Le courrier personnel est envoyé en France inoccupée
Mais le ministre des Postes avertit le public que le service postal est suspendu entre le Canada et la France occupée – L’agence de voyages Thomas Cook & Son
Le ministre des Postes du Canada, l’honorable M. Mulock, a annoncé, ce soir, que le courrier, comprenant des lettres personnelles seulement, est envoyé en France inoccupée, ainsi qu’en Corse, en Algérie, au Maroc français et en Tunisie. Le service des postes est suspendu entre le Canada et la France occupée à cause du manque de communications dans cette partie du pays.
Des arrangements ont été conclus, toutefois, avec Thomas Cook and Son, une agence de voyage anglaise, pour l’envoi des lettres personnelles en France occupée. Cet envoi se fait aux mêmes conditions que l’expédition par la compagnie des lettres à des personnes vivant en Belgique, en Hollande, dans le Luxembourg ou dans d’autres territoires occupés par l’ennemi.
Le ministre des Postes affirme qu’il est impossible, présentement, de déterminer exactement où se trouve la frontière entre la France occupée et la France inoccupée. Toutefois, il semble que la frontière suive une ligne droite de Tours à Genève à environ 20 milles de la mer. sur la frontière franco-espagnole. Tout le territoire situé au nord et a l’ouest de cette ligne est occupé par l’ennemi.

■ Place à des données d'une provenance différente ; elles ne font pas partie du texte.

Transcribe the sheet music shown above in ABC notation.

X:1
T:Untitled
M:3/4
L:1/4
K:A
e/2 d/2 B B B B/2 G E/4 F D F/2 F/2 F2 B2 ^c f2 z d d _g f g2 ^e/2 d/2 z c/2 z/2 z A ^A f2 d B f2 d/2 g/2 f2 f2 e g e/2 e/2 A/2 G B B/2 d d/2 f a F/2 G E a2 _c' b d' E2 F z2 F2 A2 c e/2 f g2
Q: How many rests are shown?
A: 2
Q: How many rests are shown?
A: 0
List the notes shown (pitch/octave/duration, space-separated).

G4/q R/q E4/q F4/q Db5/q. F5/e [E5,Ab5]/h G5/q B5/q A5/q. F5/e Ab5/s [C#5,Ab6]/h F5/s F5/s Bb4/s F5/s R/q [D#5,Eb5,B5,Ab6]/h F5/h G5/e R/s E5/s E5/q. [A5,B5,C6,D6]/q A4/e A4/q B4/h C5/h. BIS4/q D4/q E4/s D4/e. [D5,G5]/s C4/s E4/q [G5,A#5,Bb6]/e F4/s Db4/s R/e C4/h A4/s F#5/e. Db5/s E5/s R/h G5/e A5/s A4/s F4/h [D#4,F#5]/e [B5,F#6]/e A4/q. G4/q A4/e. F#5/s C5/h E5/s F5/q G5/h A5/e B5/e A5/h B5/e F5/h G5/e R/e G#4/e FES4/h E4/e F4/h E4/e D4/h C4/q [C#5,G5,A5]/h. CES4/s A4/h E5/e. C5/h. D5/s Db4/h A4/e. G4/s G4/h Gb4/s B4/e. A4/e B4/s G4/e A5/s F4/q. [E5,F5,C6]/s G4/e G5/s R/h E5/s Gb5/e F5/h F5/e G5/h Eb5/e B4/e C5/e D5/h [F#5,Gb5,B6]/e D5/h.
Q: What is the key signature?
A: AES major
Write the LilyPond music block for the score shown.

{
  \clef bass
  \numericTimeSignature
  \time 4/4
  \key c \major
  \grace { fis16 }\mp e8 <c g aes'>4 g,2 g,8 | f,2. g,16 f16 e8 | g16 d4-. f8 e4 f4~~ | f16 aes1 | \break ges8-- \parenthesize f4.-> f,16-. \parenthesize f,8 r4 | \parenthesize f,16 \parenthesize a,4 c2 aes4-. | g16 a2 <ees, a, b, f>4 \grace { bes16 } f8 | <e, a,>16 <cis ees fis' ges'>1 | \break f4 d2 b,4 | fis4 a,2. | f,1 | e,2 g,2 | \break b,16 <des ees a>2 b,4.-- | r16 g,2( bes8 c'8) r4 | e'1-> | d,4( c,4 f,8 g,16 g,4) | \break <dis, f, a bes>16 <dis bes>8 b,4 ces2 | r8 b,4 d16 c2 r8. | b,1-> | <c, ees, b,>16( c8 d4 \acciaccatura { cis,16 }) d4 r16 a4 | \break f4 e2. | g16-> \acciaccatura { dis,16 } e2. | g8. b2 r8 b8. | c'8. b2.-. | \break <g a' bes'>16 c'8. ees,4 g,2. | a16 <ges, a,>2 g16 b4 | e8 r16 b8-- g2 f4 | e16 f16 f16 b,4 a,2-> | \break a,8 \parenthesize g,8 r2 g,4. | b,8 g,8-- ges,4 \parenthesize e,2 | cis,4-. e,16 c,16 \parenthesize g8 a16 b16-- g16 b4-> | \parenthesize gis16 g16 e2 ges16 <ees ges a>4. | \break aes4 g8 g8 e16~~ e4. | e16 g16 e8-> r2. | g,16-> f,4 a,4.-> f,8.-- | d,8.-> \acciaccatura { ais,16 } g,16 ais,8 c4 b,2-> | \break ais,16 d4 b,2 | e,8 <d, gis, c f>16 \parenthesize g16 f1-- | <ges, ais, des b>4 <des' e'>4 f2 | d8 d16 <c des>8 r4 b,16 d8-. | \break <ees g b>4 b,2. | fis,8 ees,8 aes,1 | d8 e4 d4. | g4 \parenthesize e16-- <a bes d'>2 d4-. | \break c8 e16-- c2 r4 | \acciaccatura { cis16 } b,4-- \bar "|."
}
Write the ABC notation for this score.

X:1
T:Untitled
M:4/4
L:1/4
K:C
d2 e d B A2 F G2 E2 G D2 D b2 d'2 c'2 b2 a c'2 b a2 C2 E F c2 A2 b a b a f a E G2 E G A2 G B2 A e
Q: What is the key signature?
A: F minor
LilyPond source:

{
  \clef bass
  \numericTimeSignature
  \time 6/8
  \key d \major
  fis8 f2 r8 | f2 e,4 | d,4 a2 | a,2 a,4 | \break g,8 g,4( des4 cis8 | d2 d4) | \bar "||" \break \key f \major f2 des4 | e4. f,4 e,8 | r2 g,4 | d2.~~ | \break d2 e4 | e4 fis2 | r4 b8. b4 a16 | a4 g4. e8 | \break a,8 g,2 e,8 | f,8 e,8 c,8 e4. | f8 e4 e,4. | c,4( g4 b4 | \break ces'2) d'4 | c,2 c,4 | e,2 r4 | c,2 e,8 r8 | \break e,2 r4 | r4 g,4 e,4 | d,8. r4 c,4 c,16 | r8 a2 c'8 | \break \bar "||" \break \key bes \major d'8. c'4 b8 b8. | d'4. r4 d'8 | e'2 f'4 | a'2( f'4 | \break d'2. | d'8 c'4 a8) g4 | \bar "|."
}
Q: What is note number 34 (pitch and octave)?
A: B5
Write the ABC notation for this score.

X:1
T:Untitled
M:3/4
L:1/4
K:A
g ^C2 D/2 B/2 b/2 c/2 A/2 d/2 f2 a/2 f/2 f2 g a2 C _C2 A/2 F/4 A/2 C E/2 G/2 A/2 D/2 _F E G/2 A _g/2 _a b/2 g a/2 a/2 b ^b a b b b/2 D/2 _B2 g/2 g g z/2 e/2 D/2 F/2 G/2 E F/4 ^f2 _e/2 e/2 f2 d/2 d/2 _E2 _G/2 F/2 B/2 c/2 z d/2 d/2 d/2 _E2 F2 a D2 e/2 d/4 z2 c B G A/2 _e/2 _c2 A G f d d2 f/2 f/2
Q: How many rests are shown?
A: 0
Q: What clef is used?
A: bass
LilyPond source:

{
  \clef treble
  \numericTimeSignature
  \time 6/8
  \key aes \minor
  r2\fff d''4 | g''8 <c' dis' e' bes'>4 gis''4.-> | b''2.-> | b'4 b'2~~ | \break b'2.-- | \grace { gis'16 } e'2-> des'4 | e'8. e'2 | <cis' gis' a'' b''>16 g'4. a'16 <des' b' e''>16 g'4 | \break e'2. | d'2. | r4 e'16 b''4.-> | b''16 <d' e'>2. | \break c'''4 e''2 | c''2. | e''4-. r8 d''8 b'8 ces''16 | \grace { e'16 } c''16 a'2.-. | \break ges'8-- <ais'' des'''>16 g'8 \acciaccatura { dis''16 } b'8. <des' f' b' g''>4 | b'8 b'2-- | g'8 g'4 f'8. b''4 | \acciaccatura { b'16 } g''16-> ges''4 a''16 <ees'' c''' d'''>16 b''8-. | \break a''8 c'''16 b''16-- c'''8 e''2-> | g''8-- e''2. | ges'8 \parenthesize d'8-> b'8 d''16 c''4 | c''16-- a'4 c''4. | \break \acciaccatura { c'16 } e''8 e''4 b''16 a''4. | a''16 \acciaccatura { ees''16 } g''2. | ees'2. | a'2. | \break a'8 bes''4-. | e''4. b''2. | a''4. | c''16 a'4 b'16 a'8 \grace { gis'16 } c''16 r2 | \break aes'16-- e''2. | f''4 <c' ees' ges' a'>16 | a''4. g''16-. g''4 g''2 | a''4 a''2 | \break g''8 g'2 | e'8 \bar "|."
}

On aiderait considérablement les autorités postales canadiennes, si le public envoyait toutes les lettres destinées â des personnes vivant dans ce territoire occupé à l’agence Thomas Cook and Sons. Autrement, les lettres envoyées dans ces régions seront retournées à leurs propriétaires.
La suspension du service postal entre le Canada et la France n’est pas une mesure prise par le ministère ou la censure mais seulement le résultat de l’invasion de la France par l’ennemi qui rend pratiquement impossible la livraison du courrier.
Le courrier reçu des territoires occupés ou inoccupés est livré comme d’habitude.
Le ministère des Postes avertit le publie que ce service est lent et incertain. Il est toujours possible que le courrier se perde à la suite d’une action de l’ennemi en mer ou sur terre.
(Texte paru dans le journal Le Canada, le 24 août 1940).